Data101Project2

Context

This dataset contains over 80,000 reports of UFO sightings over the last century.

Content

This dataset includes 80,332 rows and 11 columns. The columns represent the date/time of the sighting, the location (city, state and country) of the sighting, the shape of the object, the duration (in hours/minutes/seconds) of the sighting, comments describing the sighting, the date posted, and the latitude and longitude of the sighting. The reports date back to the 20th century, some older data might be obscured.

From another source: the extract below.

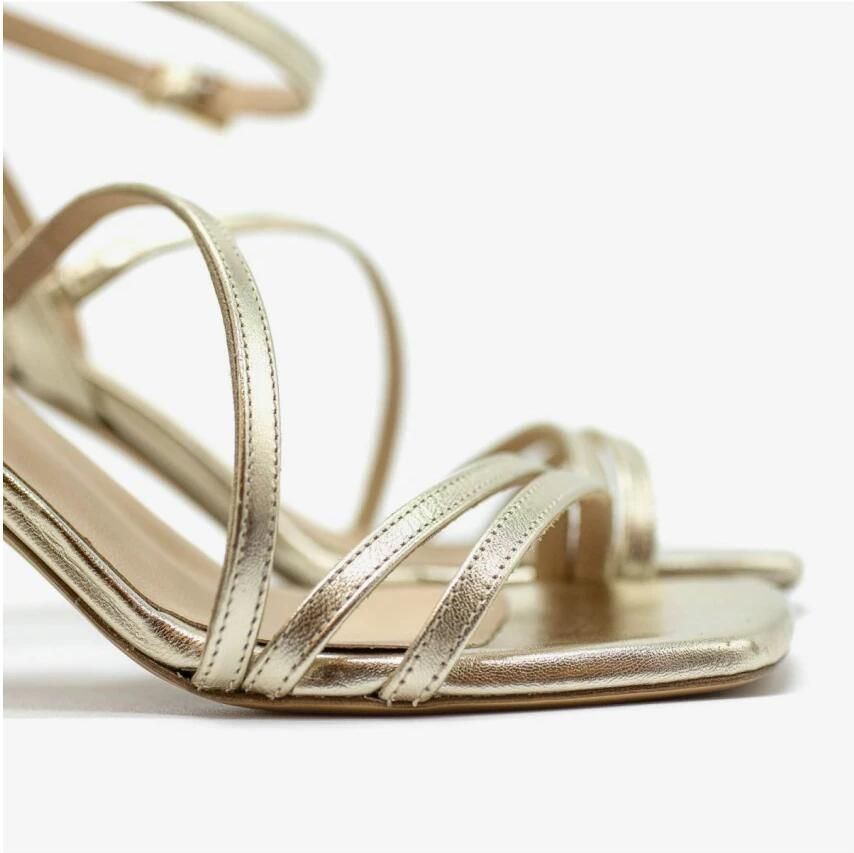 Roberto Festa Sandalo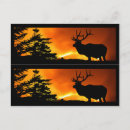 Recherche de faune américaine cartes postales Animal américain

The reports come from the National UFO Reporting Center’s (NUFORC’s) website. Further information on NUFORC and up-to-date datasets are available here: http://www.nuforc.org/.

Questions

We decided to look at the data and formulate our own questions, many of which coincide with what the compilers laid out. I will be exploring two questions: 1) Do certain shapes tend to have a longer/shorter duration? and 2) Do certain months tend to have a longer/shorter duration?

Acknowledgement

This dataset was scraped, geolocated, and time standardized from NUFORC data by Sigmond Axel https://github.com/planetsig/ufo-reports. We accessed it from kaggle https://www.kaggle.com/NUFORC/ufo-sightings?select=scrubbed.csv.

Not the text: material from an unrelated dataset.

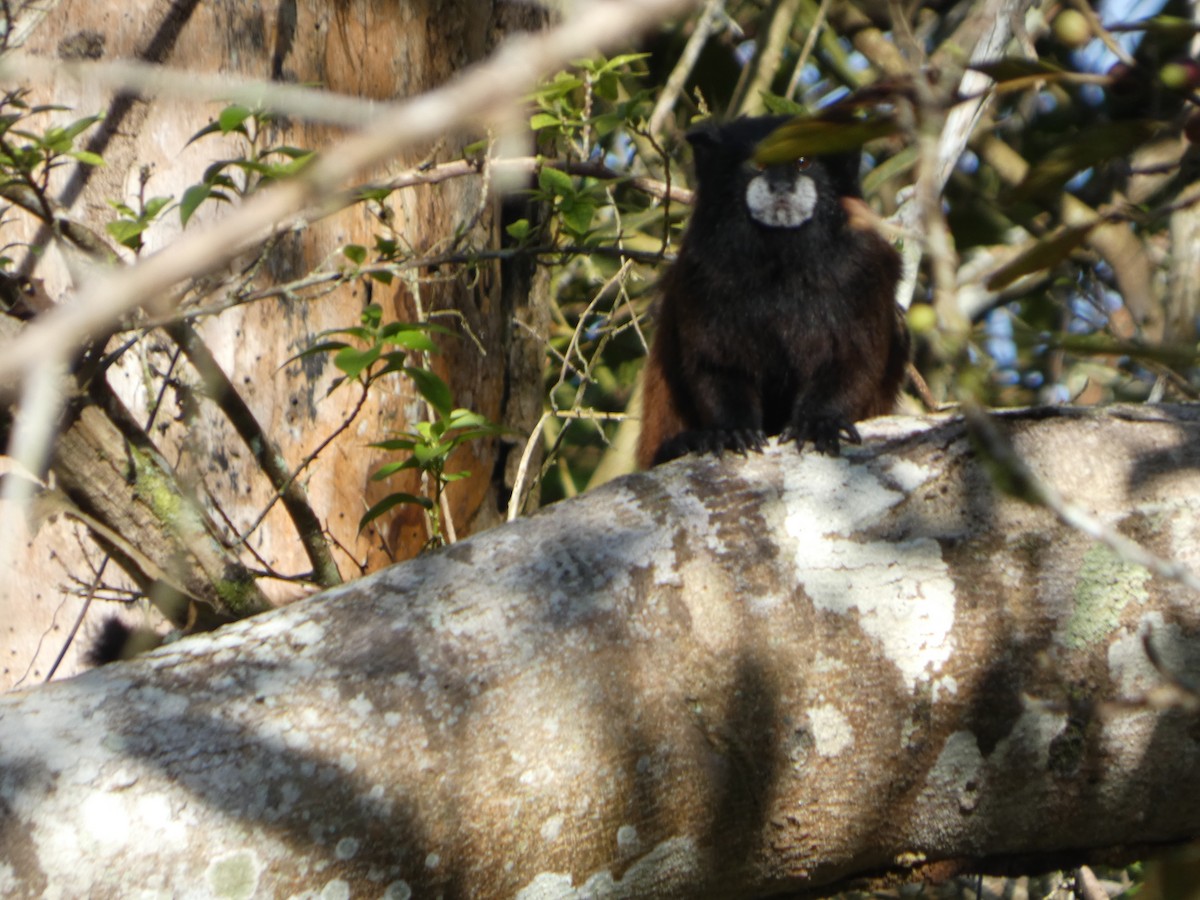 Illiger's Saddle-back Tamarin - ML646907872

# load tidyverse to read in data

library("tidyverse")

## ── Attaching packages ─────────────────────────────── tidyverse 1.3.0 ──

## ✓ ggplot2 3.3.2     ✓ purrr   0.3.4
## ✓ tibble  3.0.3     ✓ dplyr   1.0.1
## ✓ tidyr   1.1.1     ✓ stringr 1.4.0
## ✓ readr   1.3.1     ✓ forcats 0.5.0

## ── Conflicts ────────────────────────────────── tidyverse_conflicts() ──
## x dplyr::filter() masks stats::filter()
## x dplyr::lag()    masks stats::lag()

ufo_sightings <- read_csv("scrubbed.csv")

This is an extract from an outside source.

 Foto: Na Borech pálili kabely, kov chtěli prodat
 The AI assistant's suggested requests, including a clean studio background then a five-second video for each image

## Parsed with column specification:
## cols(
##   datetime = col_character(),
##   city = col_character(),
##   state = col_character(),
##   country = col_character(),
##   shape = col_character(),
##   `duration (seconds)` = col_double(),
##   `duration (hours/min)` = col_character(),
##   comments = col_character(),
##   `date posted` = col_character(),
##   latitude = col_double(),
##   longitude = col_double()
## )

## Warning: 4 parsing failures.
##   row                col               expected   actual           file
## 27823 duration (seconds) no trailing characters `        'scrubbed.csv'
## 35693 duration (seconds) no trailing characters `        'scrubbed.csv'
## 43783 latitude           no trailing characters q.200088 'scrubbed.csv'
## 58592 duration (seconds) no trailing characters `        'scrubbed.csv'

Examine the parsing errors

errors <- ufo_sightings[c(27823, 35693, 43783, 58592), ]
errors

## # A tibble: 4 x 11
##   datetime city  state country shape `duration (seco… `duration (hour… comments
##   <chr>    <chr> <chr> <chr>   <chr>            <dbl> <chr>            <chr>   
## 1 2/2/200… bouse az    us      <NA>                NA each a few seco… Driving…
## 2 4/10/20… sant… ca    us      <NA>                NA eight seconds    2 red l…
## 3 5/22/19… mesc… nm    <NA>    rect…              180 two hours        Huge re…
## 4 7/21/20… ibag… <NA>  <NA>    circ…               NA 1/2 segundo      Viajaba…
## # … with 3 more variables: `date posted` <chr>, latitude <dbl>, longitude <dbl>

These have errors because of NAs in multiple columns, including two that I’m looking into–shape and duration (seconds). I can repair one of them by adding data into the duration (seconds) column, using what is written in the duration (hours/min) column (1/2 segundo). The two errors that are missing shape info I will have to delete later. The fourth error doesn’t concern my data at this point so I will leave it alone.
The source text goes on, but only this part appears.